They don’t know whether or not there’s life on Enceladus, but one thing is for sure, they have what’s needed.
On Thursday the American National Aeronautics and Space Administration hosted a huge conference to announced their newest findings from their search for life beyond planet Earth. The main focus was on Enceladus, a small moon orbiting Saturn.
It was announced that the planet is abundant in hydrogen, which was captured shooting out through the moon’s frozen crust. This leads to the conclusion that not only is Enceladus alive with chemical and hydrothermal cycles, but it can also support life forms.
Hydrogen itself is one of the primary food sources for some of the most ancient life forms on planet Earth.

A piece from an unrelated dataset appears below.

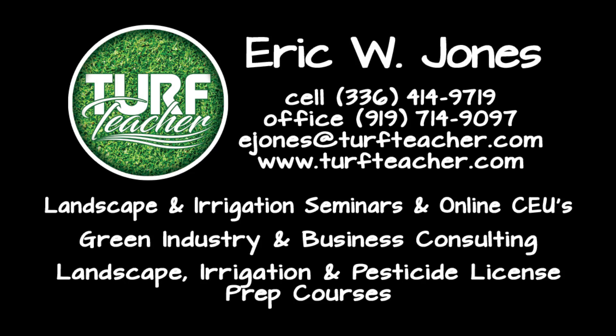Eric, the Turf Teacher Jones, teaching you life lessons, business strategies, and leadership. Let's grow together. If you're needing irrigation, landscape, or pesticide credits, check out my website at turfteacher.com. Every Tuesday evening at 7 p.m. we host Turf Talk Tuesday for pesticide credits, and have online courses for both irrigation and landscape contractors. There are also several opportunities to get credits at seminars throughout the southeastern United States, and information on our Christmas lighting course. Check it out at turfteacher.com.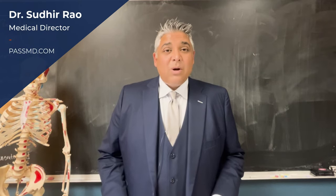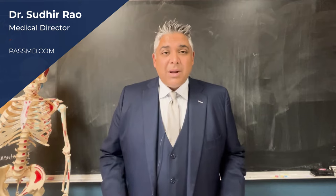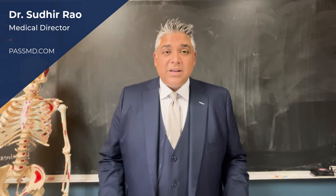This is Dr. Sevilla Rao from Pain and Spine Specialists. We're going to talk about diabetic painful neuropathy and treatments. Diabetic painful neuropathy is a difficult condition to treat.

While you’d expect that alien life are tiny green people with laser guns, they might be much simpler life forms, like plants and bacteria.
If life exists on Saturn’s moon, it would likely feed on hydrogen and release methane – another gas found on Enceladus.
Further research from data collected when the Cassini craft passed by the moon indicate that it was surrounded by large amounts of carbon dioxide.
Carbon dioxide and hydrogen together are essential for a process known as methanogenesis, a reaction that sustains microbial life in dark, undersea environments on Earth. Enceladus has similar oceans flowing underneath its frozen crust.
Since the gases were found shooting through the crust, it means that the moon has a hot core, a source of energy, which completes the three essential elements needed to sustain life, water, organic molecules and a source of energy.
While the ecosystem of Enceladus hasn’t yet been directly studied, further research and missions are needed. But one thing is for sure, it has all the right conditions.